When you look at emerging infrastructure trends, one of the easiest ways to gauge timing is to look at the growth curve.

In the case of smart microgrid controllers, the projections show consistent double-digit annual growth, with market size expanding into the multi-billion dollar range over the next decade.

That kind of curve usually indicates we’re not at the peak yet. We’re still in the expansion phase.

What’s driving this growth is not a single factor, but a combination:

  • rising electricity demand
  • renewable energy integration
  • grid reliability concerns
  • and increasing system complexity

Each of these adds incremental pressure to the existing grid.

When combined, they create a strong case for smarter, more flexible systems.

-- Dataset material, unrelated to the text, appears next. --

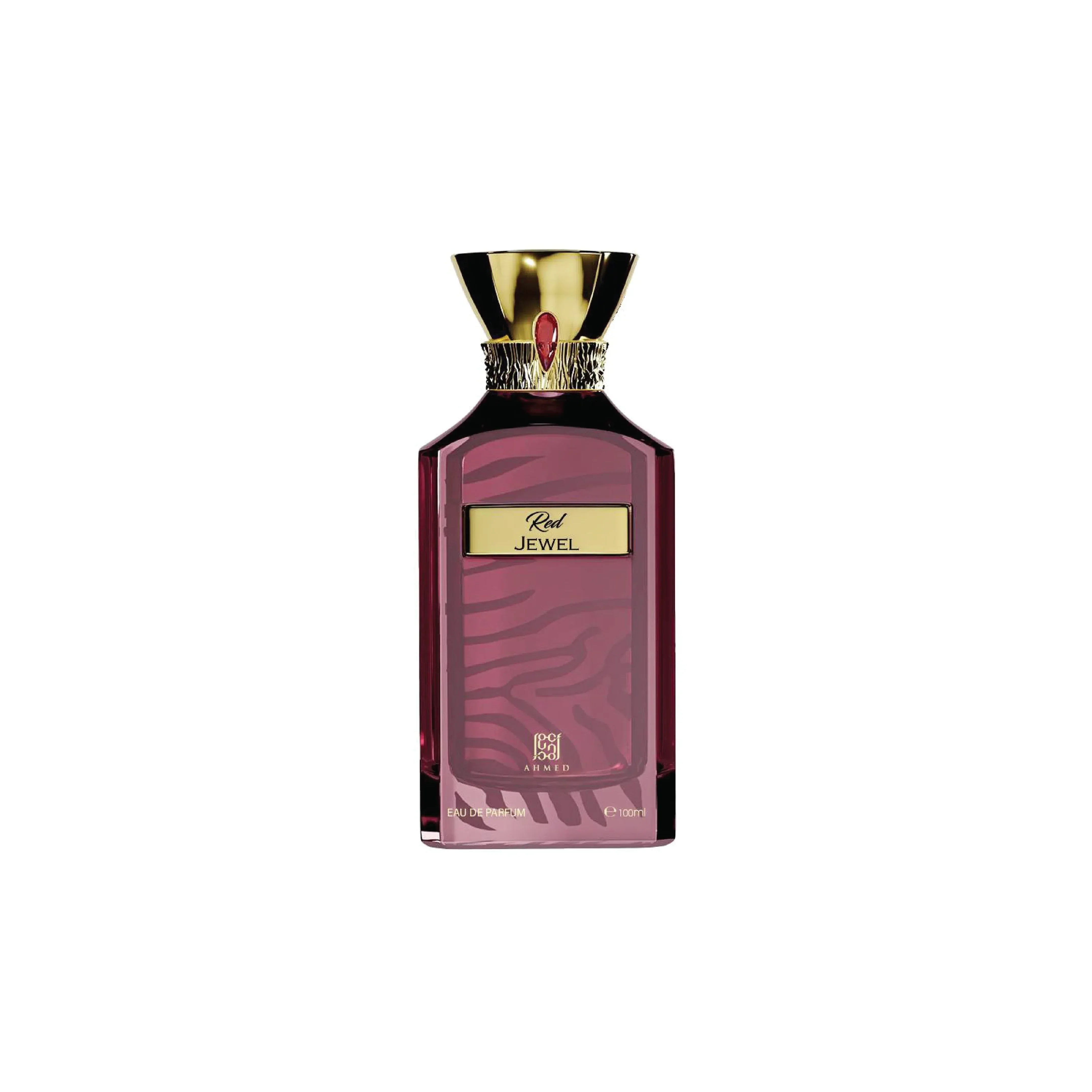 Red Jewel Eau de Parfum bottle with gold cap and elegant design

Microgrid controllers sit right at the center of that shift. They enable real-time decision-making, which is critical when dealing with variable energy sources and fluctuating demand.

From a market perspective, this also creates a layered opportunity.

There’s value in hardware, but there’s also value in software and control systems. Over time, the control layer often becomes more important because it determines how efficiently the system operates.

This is where companies like NXXT come into play.

Their focus on integrating energy systems with AI-driven optimization aligns with the direction of the market. Instead of just supplying energy, they’re working on managing it more effectively.

That distinction matters.

In many industries, the control layer ends up capturing a significant portion of value as systems become more complex.

So if the market continues expanding as projected, the opportunity is not just in building infrastructure, but in controlling and optimizing it.